Formed by the confluence of the Palm Creek and South Palm Creek, the headwaters of the Ducie River drain the Richardson Range, part of the Great Dividing Range. The river flows generally west through stringybark woodlands, tropical savanna plains and wetlands. It enters the Gulf of Carpentaria on the western side of the Cape York Peninsula at Port Musgrave just north of Mapoon. The river descends 31 m over its 69 km course.

The catchment covers 6746 km2; there are no major towns or water storage facilities in the watershed.

Much of the river is bordered by gallery rainforest. In its lower reaches it supports an extensive tidal mangrove forest with stands of Nipa Palms.

== History ==
Luthigh (also known as Lotiga, Tepiti and Uradhi, see also Uradhi related languages) is an Australian Aboriginal language spoken by the Luthigh people. The traditional language area for Luthigh includes landscape within the local government boundaries of the Cook Shire: Eastern Cape York, Ducie River, Northern Peninsula, New Mapoon, Injinoo, and Cowal Creek.

Teppathiggi (also known Tepithiki and Teyepathiggi) is an Australian Aboriginal language of the Western Cape York, Middle Dulcie River, Lower Batavia River, Ducie River, and Mapoon. The language region includes areas within the local government boundaries of Cook Shire Council.

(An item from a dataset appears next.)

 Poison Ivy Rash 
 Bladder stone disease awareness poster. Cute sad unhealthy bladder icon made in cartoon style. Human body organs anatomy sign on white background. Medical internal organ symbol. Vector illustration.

Uradhi (also known as Anggamudi, Ankamuti, Atampaya, Bawtjathi, and Lotiga) is an Australian Aboriginal language of the Western Cape York Peninsula. The traditional language region includes north of Mapoon and Duyfken Point and east of the coast strip to the north of Port Musgrave (Angkamuthi country) incorporating the mouth of the Ducie River, the lower reaches of the Dulhunty River and the upper reaches of the Skardon River in the north. Following the displacement of Indigenous people by British settlement, it was also spoken in the Northern Peninsula Area Region, including New Mapoon, Injinoo and Cowal Creek communities.

The river was named in 1886 by Francis Lascelles Jardine, a pastoralist, reportedly after the Earl of Ducie, presumably a relative of the Jardine family.